Yıllarca militarizm eleştirisi yapan Alman Yeşilleri, ordunun yürüttüğü halkla
ilişkiler çalışması dâhilinde, tam da bu sebeple, “Alman devletinin değerlerini
dünya genelinde savunduklarını” düşündükleri orduya katılıp bir hafta askerî
eğitim almışlardır.[2] Liberalizmin iliklerine işlemiş sömürgecilik ve
askerîlik, görülmelidir.
Tüm bunlar olup biterken sosyalist hareket, CHP
gölgesine, onun koltuk altına sığındığı için herkese hükümete (cambaza)
bakmalarını söylüyor. Ona göre, hükümet eleştirilmeli, devlet
eleştirilmemelidir. Devletin Suriye, Libya, Yunanistan, Ermenistan bağlamında
öne çıkarttığı emeller incelenmiyor, tüm bunlar, bir avuç kişinin kişisel
hırsları üzerinden ele alınıyor, Erdoğan ve ailesinin özel çıkarları
bağlamında değerlendiriliyor. Oysa bu türden gelişmelerde devletin elini
görmek gerekir. Son yapılan gözaltılar, sis bombası olarak ele alınmalıdır.
* * *
Doksanlarda Fethullah Gülen bir vaazında küçük burjuvalara seslenir ve özünde onlara, “siz ne yaparsanız yapın, hangi günahı işlerseniz işleyin, tüm günahlarınız, suçlarınız benim hesabıma yazılacak” der. Küçük burjuvanın ruhunu ve elini rahatlatmak isteyen bu cümle, Gülen’in kişisel hesabının, kişisel planının veya kişisel kavgasının bir sonucu değildir. Gülen gibi isimlerin kişisel hesabı, planı veya kavgası olamaz.
Gülen’in küçük
burjuvaların sırtındaki yükü almak, o sırtı sıvazlamak, o küçük burjuvaları
rahatlatmak istemesinin sebebi, devletin ve sermayenin yeni dönemdeki
ihtiyaçları uyarınca girdiği yolda aranmalıdır. “Neoliberalizm” olarak kodlanan
dönemde devlet bir açıdan daraltılmakta ama öte yandan STK’lar, vakıflar,
dernekler, popüler isimler üzerinden o kendisini yeniden örgütlemektedir.
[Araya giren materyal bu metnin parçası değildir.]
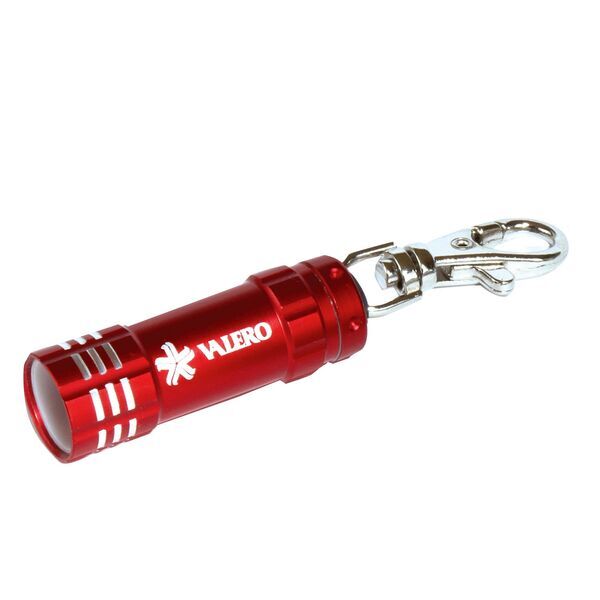 Torch 3 LED Keylight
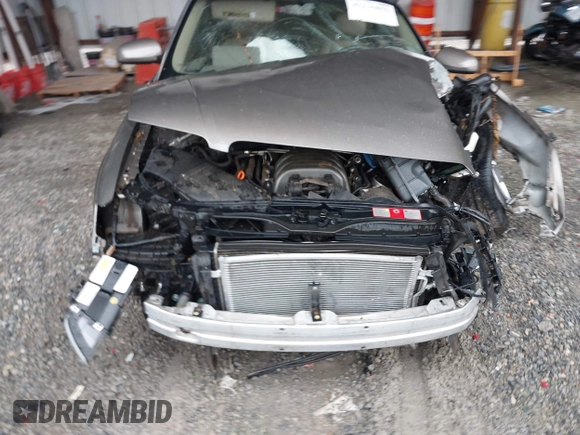 2003 Audi A4 3.0L with VIN WAUAT48HX3K017357, listed as a IAAI auction lot 42236859 with Not provided miles and . Bid and sale history available at DreamBid. Image 12.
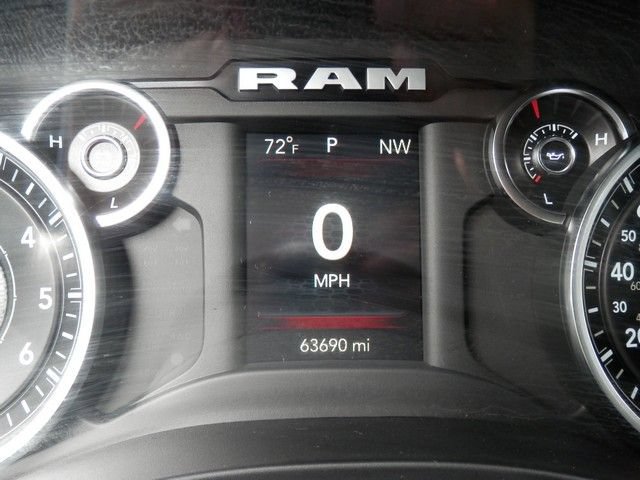 Used 2022 RAM 1500 Tradesman w/ Level 1 Safety Group AWD/4WD image 23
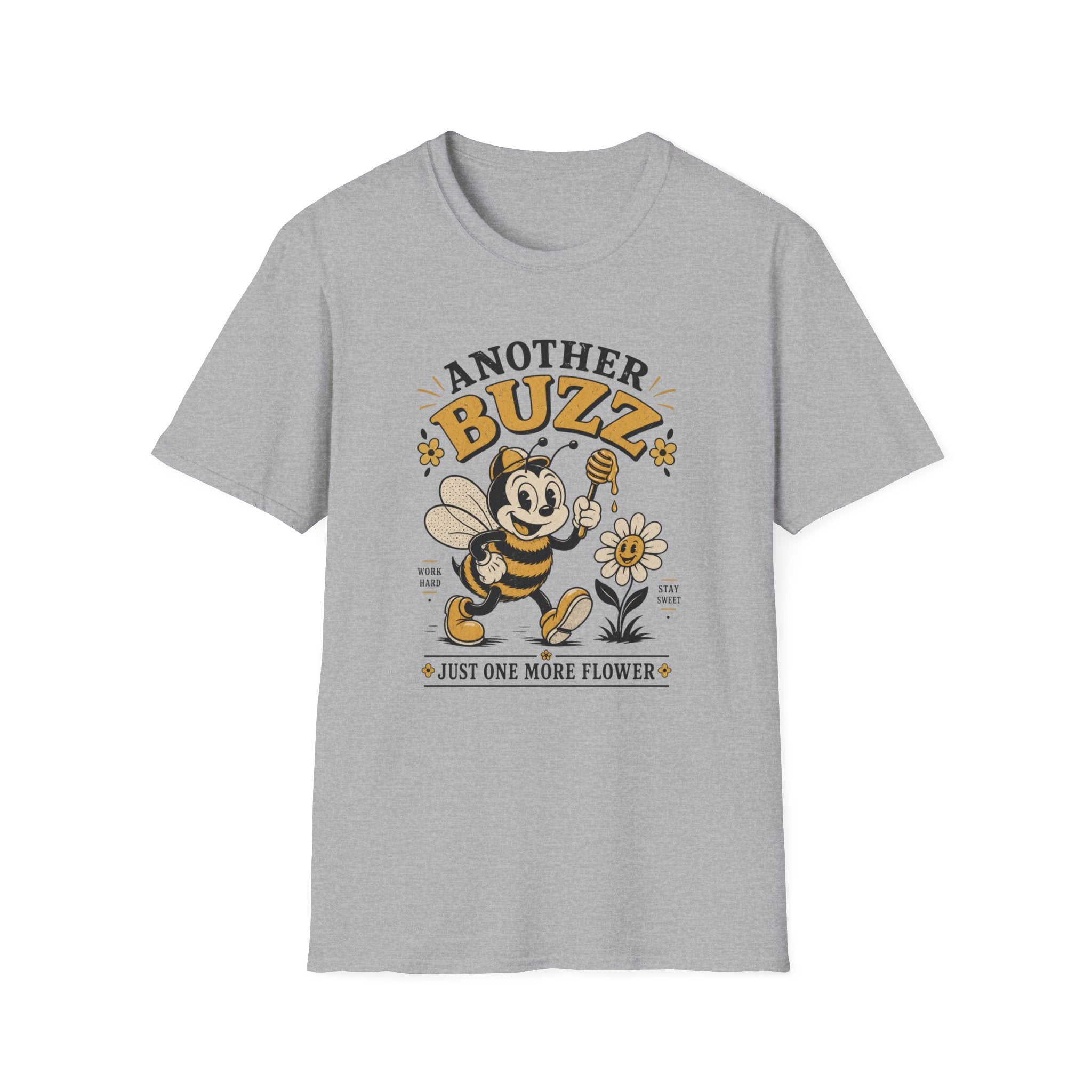 Another Buzz T-Shirt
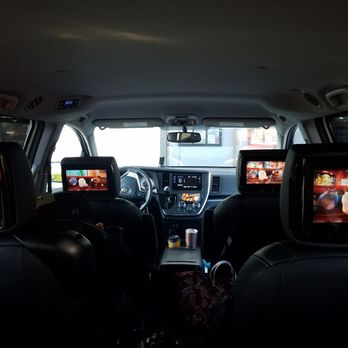 Mobile Audio & Security - My kids enjoying their own individual screens. - Car Stereo Installation Near Me - Honolulu, Hawaii Mobile Audio & Security - My kids enjoying their own individual screens. - Car Stereo Installation Near Me - Honolulu, Hawaii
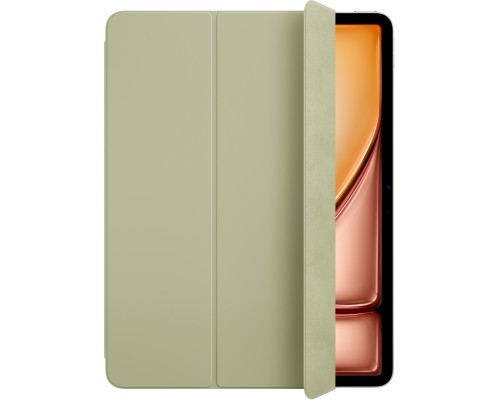 Чохол до планшета Apple Smart Folio for iPad Air 13-inch (M2) - Sage (MWKC3ZM/A)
Dolayısıyla bugün yardımların belirli bir isim
üzerinden yapılması, kampanyaların, yarışmaların belirli bir isimle
yürütülmesi, bu gerçekle alakalıdır. Gördüğümüz isimler, devlete örgütlüdür,
onun emriyle hareket ederler. Devlet, pop şarkıcılarını bile örgütler. Dün
Saray’a giden şarkıcı, bir seçimde İmamoğlu’na destek açıklar. Bunlara
şaşırmamak gerekir.
* * *
Muharrem İnce bir seçim mitinginde, “ben seksen
bin doktorun, Erdoğan seksen milyonun adayı” demiştir.[3] Genel rol paylaşımını
gayet iyi özetleyen bu cümle üzerinde durulmalıdır. CHP koltuğu altına
sığınmak, sosyalist hareketin küçük burjuvaziye örgütlendiğinin göstergesidir.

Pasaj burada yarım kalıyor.